Economists tend to think a fall in gasoline prices can help stimulate the economy by giving people more money to spend on other goods. Think of it like a tax cut. Earlier this month, the forecasting firm Macroeconomic Advisers estimated that falling gas prices could add 0.3 percentage points to third-quarter GDP growth.
But why is this happening? The reasons for the recent fall in gasoline prices are varied, but here are some of the big ones:
-- Gasoline prices typically rise in the summer and go down in the winter. That's because people take more vacations when the weather's nice, and refiners have to put out a pricier "summer blend" of gasoline that's mixed with butane and other ingredients to prevent evaporation in the heat. Once the summer's over, gas prices typically fall again. So that's worth mentioning. But this isn't the only factor here.
-- The supply of gasoline is up — for odd reasons. U.S. stockpiles of gasoline were at 210 million barrels in the first week of November, up about 4 percent from the same period last year. Normally, refineries cut back when stockpiles are high. But there are other forces at play here.
Many Gulf Coast refiners are taking advantage of the boom in shale-oil drilling in the Midwest and producing ever more diesel for export to Europe and Asia. That's a lucrative business. And that refining process also produces more gasoline for domestic consumption. So, as The Wall Street Journal reports, refiners can still make a profit from exporting diesel abroad even if they're creating a glut of gasoline here at home.
-- Fewer refinery disruptions. It's been a fairly quiet hurricane season in the Atlantic this year — with not a single hurricane making landfall.

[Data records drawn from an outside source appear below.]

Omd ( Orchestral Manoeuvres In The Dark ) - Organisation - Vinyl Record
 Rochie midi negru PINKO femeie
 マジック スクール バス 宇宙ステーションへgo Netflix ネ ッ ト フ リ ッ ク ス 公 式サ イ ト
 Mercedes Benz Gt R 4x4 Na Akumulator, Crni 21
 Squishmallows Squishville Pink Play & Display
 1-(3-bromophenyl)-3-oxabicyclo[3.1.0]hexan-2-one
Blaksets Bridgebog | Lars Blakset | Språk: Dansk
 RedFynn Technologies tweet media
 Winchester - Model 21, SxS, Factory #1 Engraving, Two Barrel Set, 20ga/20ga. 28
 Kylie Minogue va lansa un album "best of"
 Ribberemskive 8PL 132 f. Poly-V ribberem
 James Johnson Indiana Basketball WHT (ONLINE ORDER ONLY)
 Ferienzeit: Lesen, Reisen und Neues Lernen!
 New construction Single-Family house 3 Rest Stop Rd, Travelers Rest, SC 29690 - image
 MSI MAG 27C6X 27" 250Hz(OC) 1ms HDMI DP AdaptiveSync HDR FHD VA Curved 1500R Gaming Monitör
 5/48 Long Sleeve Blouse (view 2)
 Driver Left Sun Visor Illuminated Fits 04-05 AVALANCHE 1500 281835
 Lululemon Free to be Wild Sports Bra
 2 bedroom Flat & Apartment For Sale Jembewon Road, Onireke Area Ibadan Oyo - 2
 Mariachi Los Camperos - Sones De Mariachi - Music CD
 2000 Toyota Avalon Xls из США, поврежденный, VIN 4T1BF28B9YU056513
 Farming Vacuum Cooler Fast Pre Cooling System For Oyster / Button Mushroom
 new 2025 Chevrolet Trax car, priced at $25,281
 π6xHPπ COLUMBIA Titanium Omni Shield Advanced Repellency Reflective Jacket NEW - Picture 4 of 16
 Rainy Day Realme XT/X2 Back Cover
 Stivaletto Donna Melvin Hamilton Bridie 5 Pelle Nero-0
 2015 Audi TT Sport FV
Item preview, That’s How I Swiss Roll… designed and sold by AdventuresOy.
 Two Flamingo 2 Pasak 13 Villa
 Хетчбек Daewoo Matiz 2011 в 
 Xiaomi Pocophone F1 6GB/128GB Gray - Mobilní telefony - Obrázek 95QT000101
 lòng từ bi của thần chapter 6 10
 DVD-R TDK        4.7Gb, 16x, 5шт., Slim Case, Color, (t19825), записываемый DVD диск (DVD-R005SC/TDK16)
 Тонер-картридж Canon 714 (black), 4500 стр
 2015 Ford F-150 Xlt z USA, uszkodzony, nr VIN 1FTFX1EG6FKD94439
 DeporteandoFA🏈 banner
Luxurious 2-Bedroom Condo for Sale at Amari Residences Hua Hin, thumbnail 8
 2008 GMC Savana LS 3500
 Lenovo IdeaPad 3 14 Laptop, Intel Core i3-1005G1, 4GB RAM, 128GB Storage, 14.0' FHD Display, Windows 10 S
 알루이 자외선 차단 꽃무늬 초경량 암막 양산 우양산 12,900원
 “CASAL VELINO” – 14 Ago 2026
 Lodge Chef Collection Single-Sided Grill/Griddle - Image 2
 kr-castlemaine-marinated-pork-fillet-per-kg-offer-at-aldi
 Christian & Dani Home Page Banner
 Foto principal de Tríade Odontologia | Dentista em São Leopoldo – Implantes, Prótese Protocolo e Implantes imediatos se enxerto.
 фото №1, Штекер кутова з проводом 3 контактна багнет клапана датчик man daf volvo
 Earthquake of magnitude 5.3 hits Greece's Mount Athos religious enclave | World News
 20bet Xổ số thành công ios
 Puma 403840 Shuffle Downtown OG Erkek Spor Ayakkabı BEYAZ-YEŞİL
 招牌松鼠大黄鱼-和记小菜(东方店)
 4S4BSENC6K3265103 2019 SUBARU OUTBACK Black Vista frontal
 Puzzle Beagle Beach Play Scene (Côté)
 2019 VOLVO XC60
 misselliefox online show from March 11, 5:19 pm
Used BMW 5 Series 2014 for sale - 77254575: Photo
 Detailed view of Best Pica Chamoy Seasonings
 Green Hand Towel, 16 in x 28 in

That means U.S. refineries have seen relatively few disruptions of late, apart from Tropical Storm Karen in October and scheduled shutdowns for maintenance.
-- Oil prices have declined moderately. The price of oil typically makes up about 70 percent of the cost of gasoline. And a barrel of West Texas Intermediate crude cost just $93.60 on Tuesday, down from around $110 in September. Oft-cited factors for the drop include growing U.S. crude supplies and an easing of tensions between the United States and Iran. This also isn't the whole story, but it's a factor.
-- Gasoline demand has been fairly restrained. In recent years, Americans have been buying more efficient cars and light trucks, in part due to new fuel-economy standards by the Obama administration. That's helped keep a lid on prices. But this trend may not last for long if driving demand picks back up.
-- A bet on weakened ethanol rules. Earlier this year, many refineries were buying up renewable credits, known as "RINs," in anticipation that the Environmental Protection Agency would tighten its rule on how much ethanol needs to be mixed in with gasoline in 2014. The price of RINs soared, which, in turn, may have driven up gasoline prices.
The big question is whether prices will keep dropping — or whether they'll eventually rebound sharply the way they did in 2011 and 2012 after temporary lulls. The winter drop in gasoline demand is obviously seasonal and temporary. And there's always the possibility that geopolitical unrest could send oil prices soaring.
For now, however, the U.S. Energy Information Administration is predicting that U.S. gasoline prices will stay restrained in the year ahead — falling from an average of $3.50 per gallon in 2013 to $3.39 per gallon in 2014. That's still much higher than they were a decade ago. But it would count as a small bit of relief for the broader economy.